Kishan is itching to tee off, but Kuldeep quickly pulls his length back and forces him to the longer leg-side boundary with two men back. By bowling a lot quicker and still managing to give it revs, Kuldeep got the ball to break away as well, something that seemed to have fizzled out of his repertoire when he went through a prolonged rough patch.
"We've been excited by what we saw in the lead-up to the tournament," the Capitals assistant coach Shane Watson told Star Sports during a flash interview. "He's been hungry to prove a point. We know he's highly skilled in all conditions. He doesn't have to turn the ball, he has his variations, changes in lengths, bowls the wrong'uns. He has been bowling a little quicker."
By keeping Rohit quiet, Kuldeep forces the Mumbai captain to re-think. Rohit's release shot turns out to be an attempted reverse sweep, something he doesn't play very often. But because Kuldeep's in-between length has been hard to hit, Rohit tries to use the away drift to his advantage. He can't hit it clean. Rohit lets out a cry of anguish. He knows the Capitals are trying to make him hit towards the longer boundary, and he does exactly that to pick out deep midwicket.
Kuldeep's confidence is on the rise, clear in his toying of Anmolpreet Singh. Having beaten him in flight one ball, he induces a leading edge off the next. It just eludes his fingertips.
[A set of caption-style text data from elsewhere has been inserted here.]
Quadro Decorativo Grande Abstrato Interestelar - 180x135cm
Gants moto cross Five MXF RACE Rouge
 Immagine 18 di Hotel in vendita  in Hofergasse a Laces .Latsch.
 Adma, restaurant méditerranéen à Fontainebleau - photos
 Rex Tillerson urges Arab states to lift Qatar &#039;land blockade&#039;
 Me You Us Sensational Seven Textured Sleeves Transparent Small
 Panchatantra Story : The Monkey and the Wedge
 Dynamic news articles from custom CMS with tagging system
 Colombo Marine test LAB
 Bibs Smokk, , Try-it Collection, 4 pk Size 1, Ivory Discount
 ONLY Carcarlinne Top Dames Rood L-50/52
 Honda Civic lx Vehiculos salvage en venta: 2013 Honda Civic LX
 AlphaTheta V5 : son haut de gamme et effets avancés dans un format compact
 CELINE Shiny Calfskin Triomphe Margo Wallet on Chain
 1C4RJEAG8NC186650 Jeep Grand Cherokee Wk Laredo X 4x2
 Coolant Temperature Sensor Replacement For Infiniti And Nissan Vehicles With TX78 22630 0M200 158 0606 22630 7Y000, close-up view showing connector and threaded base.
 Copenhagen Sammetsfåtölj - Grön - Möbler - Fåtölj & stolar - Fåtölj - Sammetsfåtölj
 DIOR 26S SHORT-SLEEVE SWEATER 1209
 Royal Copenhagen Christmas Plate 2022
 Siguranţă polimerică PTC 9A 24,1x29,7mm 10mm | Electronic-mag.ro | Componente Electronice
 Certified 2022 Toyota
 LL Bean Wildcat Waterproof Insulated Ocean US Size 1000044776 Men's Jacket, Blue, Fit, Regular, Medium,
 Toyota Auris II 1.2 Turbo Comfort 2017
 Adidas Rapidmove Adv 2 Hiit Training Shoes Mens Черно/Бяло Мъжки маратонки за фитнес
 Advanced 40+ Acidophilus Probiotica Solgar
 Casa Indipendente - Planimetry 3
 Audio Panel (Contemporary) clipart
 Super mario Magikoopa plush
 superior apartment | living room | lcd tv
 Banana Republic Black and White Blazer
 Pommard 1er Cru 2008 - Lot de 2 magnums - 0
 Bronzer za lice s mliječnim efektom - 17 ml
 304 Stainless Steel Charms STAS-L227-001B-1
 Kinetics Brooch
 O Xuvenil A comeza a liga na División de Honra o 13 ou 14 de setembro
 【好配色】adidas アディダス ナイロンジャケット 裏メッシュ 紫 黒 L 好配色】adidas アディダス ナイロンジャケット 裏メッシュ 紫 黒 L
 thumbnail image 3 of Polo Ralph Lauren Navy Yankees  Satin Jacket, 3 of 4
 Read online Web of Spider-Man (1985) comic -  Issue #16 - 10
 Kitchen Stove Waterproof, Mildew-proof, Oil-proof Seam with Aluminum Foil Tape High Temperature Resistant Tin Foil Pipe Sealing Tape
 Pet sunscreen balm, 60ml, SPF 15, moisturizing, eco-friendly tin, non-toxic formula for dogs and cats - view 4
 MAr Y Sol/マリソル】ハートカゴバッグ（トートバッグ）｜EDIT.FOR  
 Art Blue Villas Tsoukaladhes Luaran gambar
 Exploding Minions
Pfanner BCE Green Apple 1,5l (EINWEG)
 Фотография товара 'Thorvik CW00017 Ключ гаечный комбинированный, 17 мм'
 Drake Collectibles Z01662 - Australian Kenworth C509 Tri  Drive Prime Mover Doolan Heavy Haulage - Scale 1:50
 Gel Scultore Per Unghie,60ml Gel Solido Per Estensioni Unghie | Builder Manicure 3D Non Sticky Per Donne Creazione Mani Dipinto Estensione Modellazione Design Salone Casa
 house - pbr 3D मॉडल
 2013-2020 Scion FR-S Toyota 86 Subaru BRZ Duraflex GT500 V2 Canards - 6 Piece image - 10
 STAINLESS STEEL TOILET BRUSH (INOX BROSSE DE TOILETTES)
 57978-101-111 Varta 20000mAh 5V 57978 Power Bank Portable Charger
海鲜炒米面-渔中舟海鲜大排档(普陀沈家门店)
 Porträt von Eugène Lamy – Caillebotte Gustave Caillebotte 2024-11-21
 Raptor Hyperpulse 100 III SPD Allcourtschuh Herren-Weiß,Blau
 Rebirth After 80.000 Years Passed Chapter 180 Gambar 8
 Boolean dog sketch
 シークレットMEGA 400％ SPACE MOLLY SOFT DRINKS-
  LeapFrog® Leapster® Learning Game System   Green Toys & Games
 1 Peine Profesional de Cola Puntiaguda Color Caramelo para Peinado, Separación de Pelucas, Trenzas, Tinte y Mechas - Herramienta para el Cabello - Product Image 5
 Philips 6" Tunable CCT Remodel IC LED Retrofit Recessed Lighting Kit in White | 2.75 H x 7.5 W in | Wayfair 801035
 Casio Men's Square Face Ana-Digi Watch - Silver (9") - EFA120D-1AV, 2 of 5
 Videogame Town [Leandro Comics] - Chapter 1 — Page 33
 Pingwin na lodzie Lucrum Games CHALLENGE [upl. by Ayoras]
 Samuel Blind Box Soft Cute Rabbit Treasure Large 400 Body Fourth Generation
Then he brings out his magic ball - the wrong'un - the kind of ball wristspinners can at times over bowl. Anmolpreet is beaten. The ball spins from leg to off. Kuldeep's wry smile tells you he enjoyed that. And in his next over, he deceives Anmolpreet in flight and has him caught at long-off.
"Since joining the Delhi Capitals camp, I've been working on hitting good length area," Kuldeep said after his spell. "I've chatted a lot with Ricky [Ponting] about this. I also had a lot of discussions with Rohit [during the West Indies series] about varying lengths in T20 cricket. I've been working hard, and the results are showing."
"When you're in good rhythm, the pace [through the air] comes. When I wanted to push it further, it was going up. I was able to control it. Maybe that's why batters didn't get much time [to line him up]. The wicket was very good, there was not much help for the bowlers. You needed to vary your length. It was important to not give batters time. If you did, then they would have had enough time to step out and score. Varying your length and pace was key."
If the first two wickets were a result of planning, the third was down to oodles of luck. And someone who bowled as well as Kuldeep did deserve some. Off the penultimate ball of his spell, he had Pollard nail a pull, except it was intercepted superbly by Tim Seifert at square leg. Pollard picked the bones out of what was no more than a long hop. On another night, it would've landed on the streets outside. Instead, Kuldeep, who finished his spell, with a slip and leg slip encouraging him to spin it past Tim David, finishes with 3 for 18. Seventeen of his twenty-four balls were around a length or a tad shorter, only twice did he err on the fuller side.
On a night where batter after batter showed they were never out of the game, where the scoring rate hovered around nine an over, and where not even the prospect of needing 75 off 42 deterred the Capitals, Kuldeep's figures stood out. Enough for him to be adjudged Player of the Match. It capped off a happy return to the IPL, too.